By Mark W. Bennett│Am. U. L. Rev. 1331 (2015)
The soul of America’s civil and criminal justice systems is the ability of jurors and judges to accurately determine the facts of a dispute. This invariably implicates the credibility of witnesses. In making credibility determinations, jurors and judges necessarily decide the accuracy of witnesses’ memories and the effect of the witnesses’ demeanor on their credibility.
Almost all jurisdictions’ pattern jury instructions about witness credibility explain nothing about how a witness’s memories for events and conversations work—and how startlingly fallible memories actually are. They simply instruct the jurors to consider the witness’s “memory” with no additional guidance. Similarly, the same pattern jury instructions on demeanor seldom do more than ask jurors to speculate about a witness’s demeanor by instructing them to merely observe “the manner of the witness” while testifying. Yet, thousands of cognitive psychological studies have provided major insights into witness memory and demeanor. The resulting cognitive psychological principles that are now widely accepted as the gold standard about witness memory and demeanor are often contrary to what jurors intuitively, but wrongly, believe.

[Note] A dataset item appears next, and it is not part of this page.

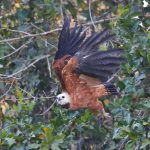 8106 Black-collard Hawk (Busarellus nignicollis), Pantanal, Brazil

Most jurors believe that memory works like a video camera that can perfectly recall the details of past events. Rather, memory is more like a Wikipedia page where you can go in and change it, but so can everyone else. Memories are so malleable, numerous, diverse, and innocuous that post-event information alters them, at times in very dramatic ways. Memories can be distorted, contaminated, and even, with modest cues, falsely imagined. For example, an extremely small universe of people have highly superior autobiographical memory (“HSAM”). They can recall past details (like the color of the shirt they were wearing on August 1, 1995) from memory almost as well as a video camera.

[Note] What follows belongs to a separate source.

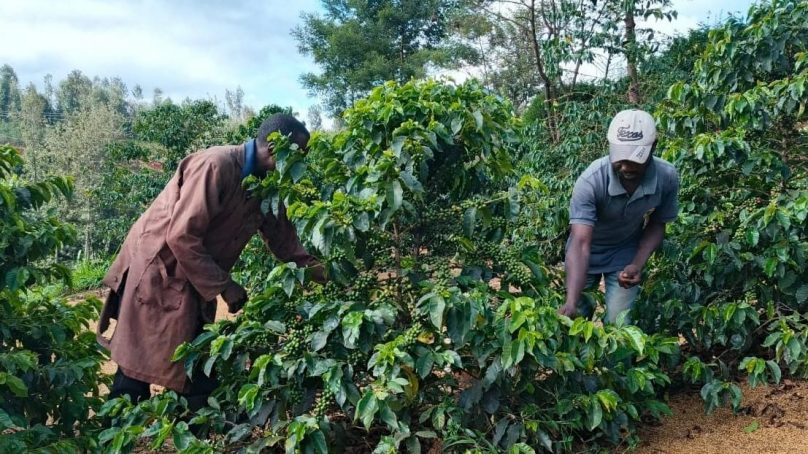 Report says coffee traded in 2024-25 season at Nairobi Coffee Exchange earned Kenya Ksh36 billion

HSAM individuals’ memories are not infallible, however. In one study, HSAM participants falsely remembered seeing news film clips of United Flight 93 crashing in a field in Pennsylvania on September 11, 2001. No such film exists. Thus, no group that is free from memory distortions has ever been discovered. In one interesting study, students on a college campus were asked to either perform or imagine certain normal and bizarre actions: (1) check the Pepsi machine for change; and (2) propose marriage to the Pepsi machine. Two weeks later, the students were tested and demonstrated substantial imagination inflation leading to false recognition of whether they performed or imagined the actions.
Few legal principles are more deeply embedded in American jurisprudence than the importance of demeanor evidence in deciding witness credibility. Historically, demeanor evidence is one of the premises for the need for live testimony, the rule against hearsay, and the right of confrontation under the Sixth Amendment to the United States Constitution. Yet, cognitive psychological studies have consistently established that the typical cultural cues that jurors rely on, including averting eye contact, a furrowed brow, a trembling hand, and stammering speech, for example, have little or nothing to do with a witness’s truthfulness. Also, jurors all too often wrongly assume that there is a strong correlation between a witness’s confidence and the accuracy of that witness’s testimony. Studies have determined that jurors’ perceptions of witness confidence are more important in determining credibility than the witness’s consistency or inconsistency. Another series of studies indicate that, in reality, demeanor evidence predicts witness truthfulness about as accurately as a coin flip.
Once the fact-finder makes credibility determinations, it is nearly impossible to overturn those decisions on post-trial motions or appeal. The secrecy with which credibility determinations are made promotes the legitimacy of fact-finding, but it also shrouds its countless failings. Despite years of overwhelming consensus among cognitive psychology scholars and numerous warnings from thoughtful members of the legal academy, judges have done virtually nothing to identify or to begin trying to solve this serious problem. The one exception is eyewitness identification of suspects in criminal cases, where several state supreme courts have relied heavily on cognitive psychological research to craft better science-based specialized jury instructions.
This Article examines and analyzes the often amazing and illuminating cognitive psychological research on memory and demeanor. It concludes with a Proposed Model Plain English Witness Credibility Instruction that synthesizes and incorporates much of this remarkable research.